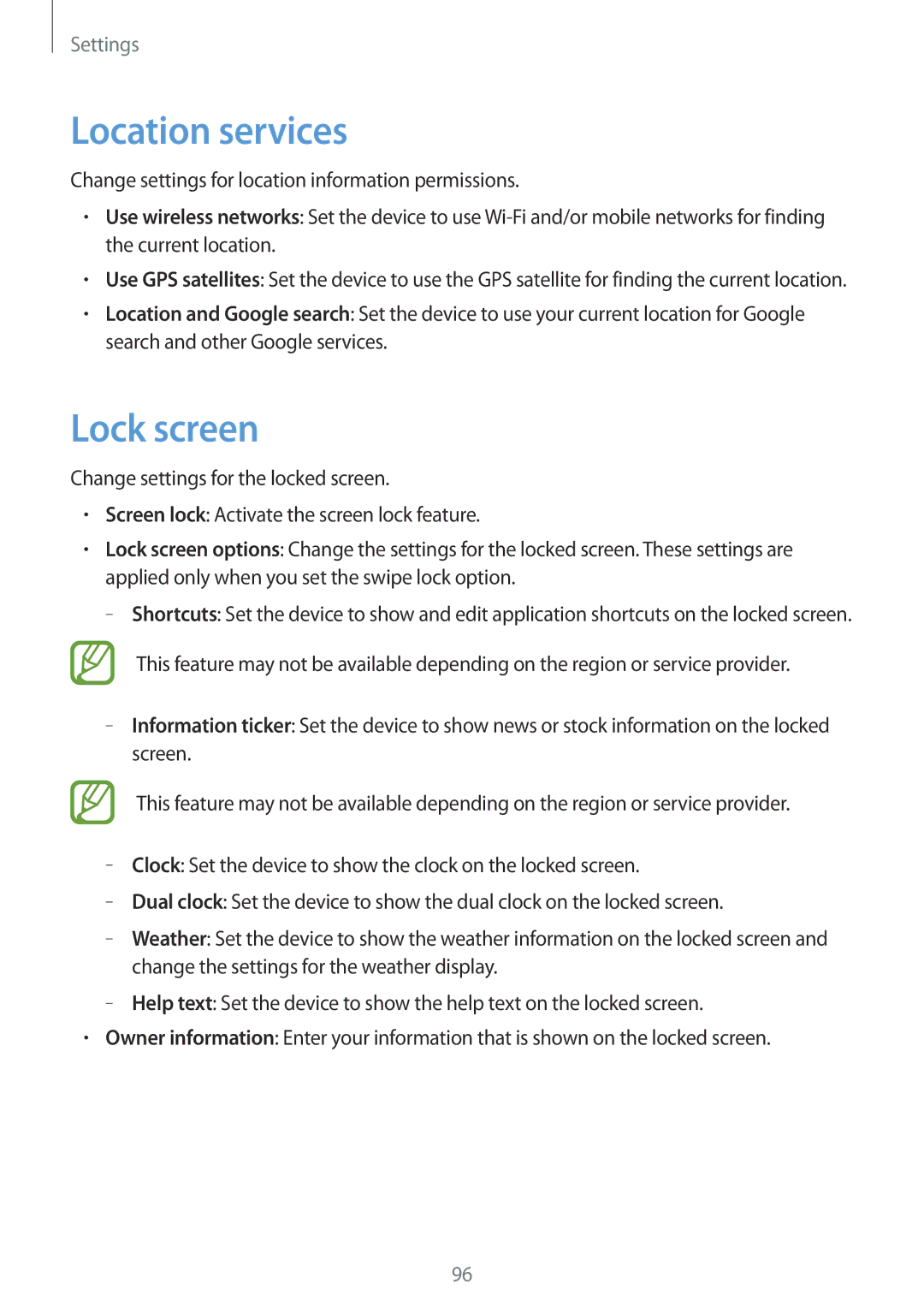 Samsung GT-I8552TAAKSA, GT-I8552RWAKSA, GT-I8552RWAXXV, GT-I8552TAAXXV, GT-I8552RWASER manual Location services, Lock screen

-*-*-

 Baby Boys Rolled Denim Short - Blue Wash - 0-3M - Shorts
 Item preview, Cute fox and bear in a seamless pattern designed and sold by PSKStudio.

-*-*-

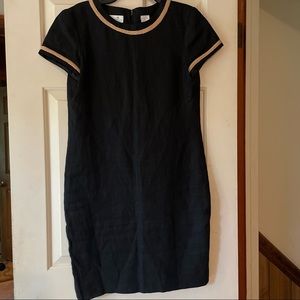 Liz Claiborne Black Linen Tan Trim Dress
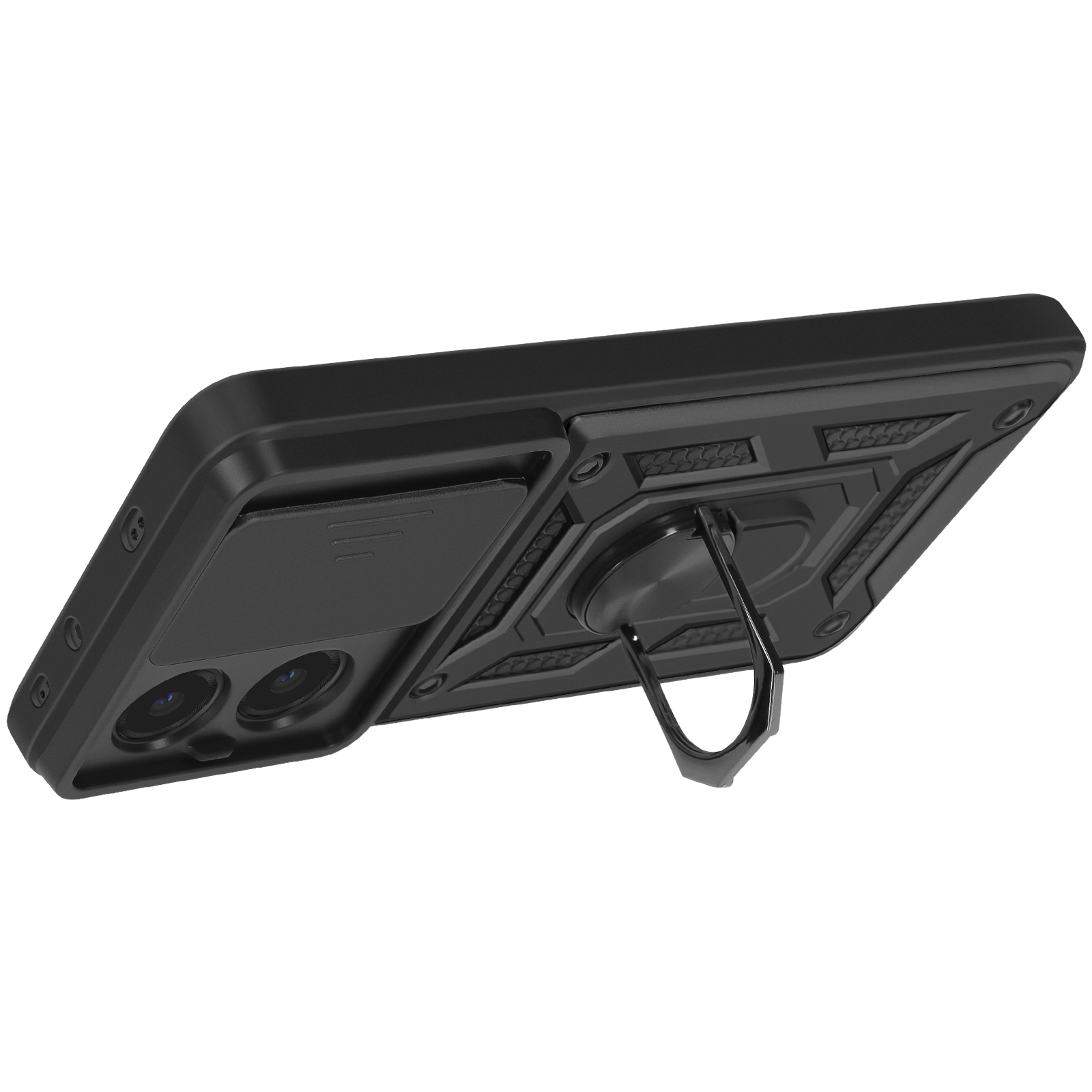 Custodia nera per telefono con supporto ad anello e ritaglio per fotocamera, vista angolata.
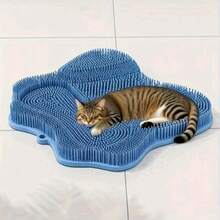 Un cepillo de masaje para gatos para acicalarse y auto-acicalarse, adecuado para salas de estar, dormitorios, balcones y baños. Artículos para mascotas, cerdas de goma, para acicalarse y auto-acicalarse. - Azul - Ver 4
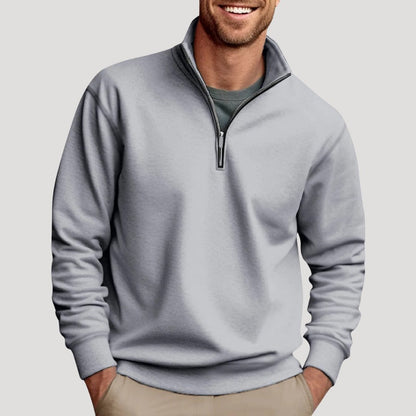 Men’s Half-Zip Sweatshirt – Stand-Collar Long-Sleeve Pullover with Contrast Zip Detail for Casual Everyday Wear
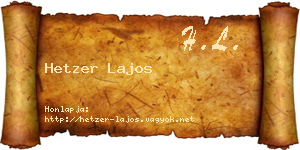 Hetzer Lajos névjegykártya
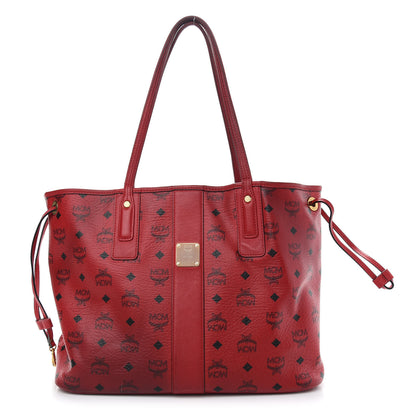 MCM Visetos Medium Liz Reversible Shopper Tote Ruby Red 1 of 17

-*-*-

▸ THE PROBLEM: Make an exact copy of the lines above, beginning with the line with "Custodia nera per" and ending with the line with "MCM Visetos Medium", and keep the pictures out of it.

▸ TASK RESPONSE:
 Custodia nera per telefono con supporto ad anello e ritaglio per fotocamera, vista angolata.
 Un cepillo de masaje para gatos para acicalarse y auto-acicalarse, adecuado para salas de estar, dormitorios, balcones y baños. Artículos para mascotas, cerdas de goma, para acicalarse y auto-acicalarse. - Azul - Ver 4
 Men’s Half-Zip Sweatshirt – Stand-Collar Long-Sleeve Pullover with Contrast Zip Detail for Casual Everyday Wear
 Hetzer Lajos névjegykártya
 MCM Visetos Medium Liz Reversible Shopper Tote Ruby Red 1 of 17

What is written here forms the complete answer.